From c22ff00dece66221bb05b6a57924537d03ca7a13 Mon Sep 17 00:00:00 2001
From: Tobias Henkel <tobias.henkel@bmw.de>
Date: Thu, 4 Oct 2018 10:03:31 +0200
Subject: [PATCH] Parallelize prime_installation_map

During zuul startup when using Github app mechanism zuul iterates
single threaded over all installations and queries the projects of the
installation. In large zuul installations with many projects and
organizations in Github this blocks zuul startup for quite some time.

We can easily parallelize this by using a thread pool. This brings
down the time spent from 18s to 2.5s in our deployment.

Change-Id: I16b940488cd0b3705c8f10b4c17fabfc77db368a
---
 zuul/driver/github/githubconnection.py | 60 ++++++++++++++++++--------
 1 file changed, 43 insertions(+), 17 deletions(-)

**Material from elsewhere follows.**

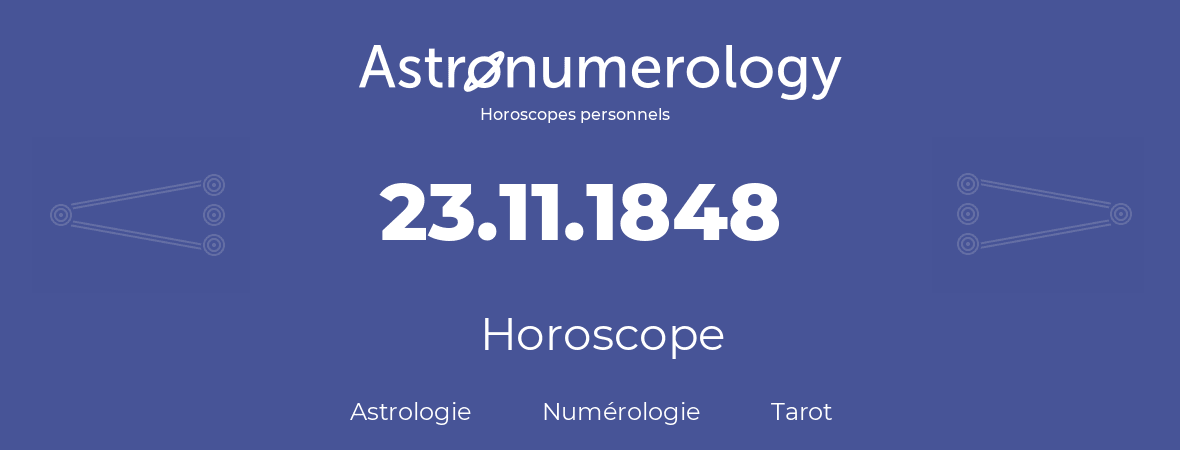 Horoscope pour anniversaire (jour de naissance): 23.11.1848 (23 Novembre 1848)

diff --git a/zuul/driver/github/githubconnection.py b/zuul/driver/github/githubconnection.py
index 81a35560b4..d9f3e61ffd 100644
--- a/zuul/driver/github/githubconnection.py
+++ b/zuul/driver/github/githubconnection.py
@@ -13,6 +13,7 @@
 # under the License.
 
 import collections
+import concurrent.futures
 import datetime
 import logging
 import hmac
@@ -668,6 +669,23 @@ class GithubConnection(BaseConnection):
 
         return token
 
+    def _get_repos_of_installation(self, inst_id, headers):
+        url = '%s/installation/repositories?per_page=100' % self.base_url
+        project_names = []
+        while url:
+            self.log.debug("Fetching repos for install %s" % inst_id)
+            response = requests.get(url, headers=headers)
+            response.raise_for_status()
+            repos = response.json()
+
+            for repo in repos.get('repositories'):
+                project_name = repo.get('full_name')
+                project_names.append(project_name)
+
+            # check if we need to do further paged calls
+            url = response.links.get('next', {}).get('url')
+        return project_names
+
     def _prime_installation_map(self):
         """Walks each app install for the repos to prime install IDs"""
 
@@ -690,27 +708,35 @@ class GithubConnection(BaseConnection):
             url = response.links.get(
                 'next', {}).get('url')
 
-        for install in installations:
-            inst_id = install.get('id')
-            token = self._get_installation_key(
-                project=None, inst_id=inst_id)
-            headers = {'Accept': PREVIEW_JSON_ACCEPT,
-                       'Authorization': 'token %s' % token}
+        headers_per_inst = {}
+        with concurrent.futures.ThreadPoolExecutor() as executor:
 
-            url = '%s/installation/repositories?per_page=100' % self.base_url
-            while url:
-                self.log.debug("Fetching repos for install %s" % inst_id)
-                response = requests.get(url, headers=headers)
-                response.raise_for_status()
-                repos = response.json()
+            token_by_inst = {}
+            for install in installations:
+                inst_id = install.get('id')
+                token_by_inst[inst_id] = executor.submit(
+                    self._get_installation_key, project=None, inst_id=inst_id)
 
-                for repo in repos.get('repositories'):
-                    project_name = repo.get('full_name')
+            for inst_id, result in token_by_inst.items():
+                token = result.result()
+                headers_per_inst[inst_id] = {
+                    'Accept': PREVIEW_JSON_ACCEPT,
+                    'Authorization': 'token %s' % token
+                }
+
+            project_names_by_inst = {}
+            for install in installations:
+                inst_id = install.get('id')
+                headers = headers_per_inst[inst_id]
+
+                project_names_by_inst[inst_id] = executor.submit(
+                    self._get_repos_of_installation, inst_id, headers)
+
+            for inst_id, result in project_names_by_inst.items():
+                project_names = result.result()
+                for project_name in project_names:
                     self.installation_map[project_name] = inst_id
 
-                # check if we need to do further paged calls
-                url = response.links.get('next', {}).get('url')
-
     def addEvent(self, data, event=None, delivery=None):
         return self.event_queue.put((time.time(), data, event, delivery))